● **Problem requirements**: Restate the data below word for word. Leave the images out.

● **Given material**:
+-------+

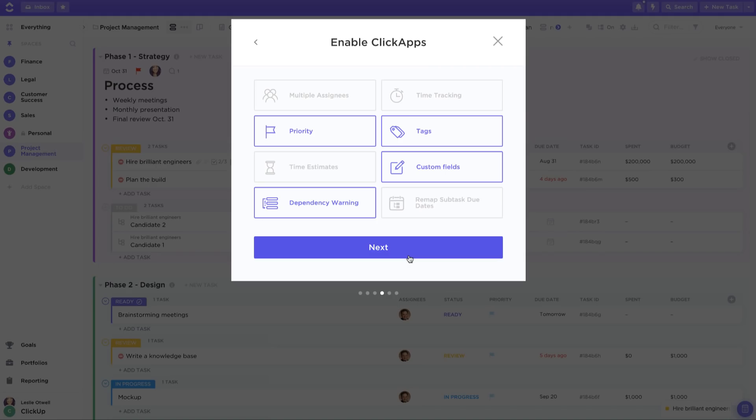Now we get to enable ClickApps. ClickApps allow you to customize your workplace complexity at the space level. They're turned on and off at the space level only which allows you to create spaces with simple workflows and spaces with more advanced workflows like in an engineering situation.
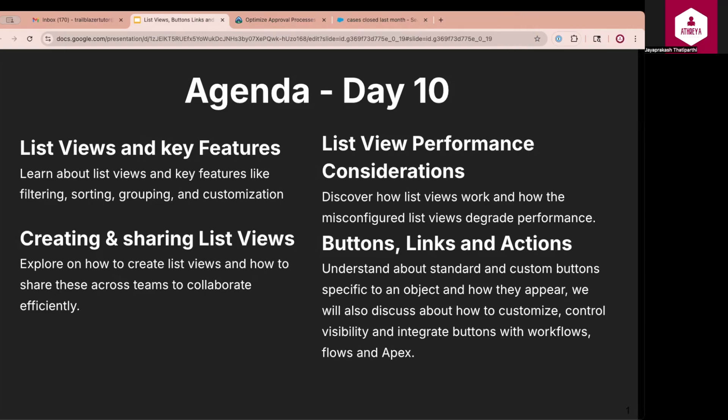We will start by understanding what list views are and why they are essential for managing and analyzing Salesforce data. We will discuss the key features, including filtering, sorting, grouping, and column customization, all designed to help users access data quickly and meaningfully. Next, we will learn how to create custom list views and tailor them to specific roles or tasks. We will also cover how sharing works, ensuring teams can collaborate efficiently by using standardized views. We will discuss how to optimize list views for performance by displaying only necessary fields, applying effective filters, and using Salesforce caching mechanisms. This helps reduce load times and maintain a smooth user experience, especially in large data environments.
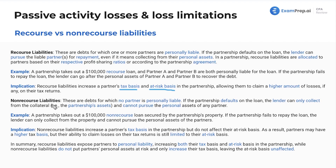Non-recourse liabilities — simply put, it's the opposite. No one's personally liable for it; it ends with the partnership. If the partnership has nothing left to pay its debts, no partners are liable. The bank or whoever it is cannot come after the individual partners. If the partnership defaults on the loan, the lender can only collect from the collateral, which is the partnership's assets. They cannot pursue the personal assets of any partner. Memorize the difference — memorize what a recourse liability is, what a non-recourse liability is, and their implications.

+-------+

● **Solution to this exercise**:
Now we get to enable ClickApps. ClickApps allow you to customize your workplace complexity at the space level. They're turned on and off at the space level only which allows you to create spaces with simple workflows and spaces with more advanced workflows like in an engineering situation.
We will start by understanding what list views are and why they are essential for managing and analyzing Salesforce data. We will discuss the key features, including filtering, sorting, grouping, and column customization, all designed to help users access data quickly and meaningfully. Next, we will learn how to create custom list views and tailor them to specific roles or tasks. We will also cover how sharing works, ensuring teams can collaborate efficiently by using standardized views. We will discuss how to optimize list views for performance by displaying only necessary fields, applying effective filters, and using Salesforce caching mechanisms. This helps reduce load times and maintain a smooth user experience, especially in large data environments.
Non-recourse liabilities — simply put, it's the opposite. No one's personally liable for it; it ends with the partnership. If the partnership has nothing left to pay its debts, no partners are liable. The bank or whoever it is cannot come after the individual partners. If the partnership defaults on the loan, the lender can only collect from the collateral, which is the partnership's assets. They cannot pursue the personal assets of any partner. Memorize the difference — memorize what a recourse liability is, what a non-recourse liability is, and their implications.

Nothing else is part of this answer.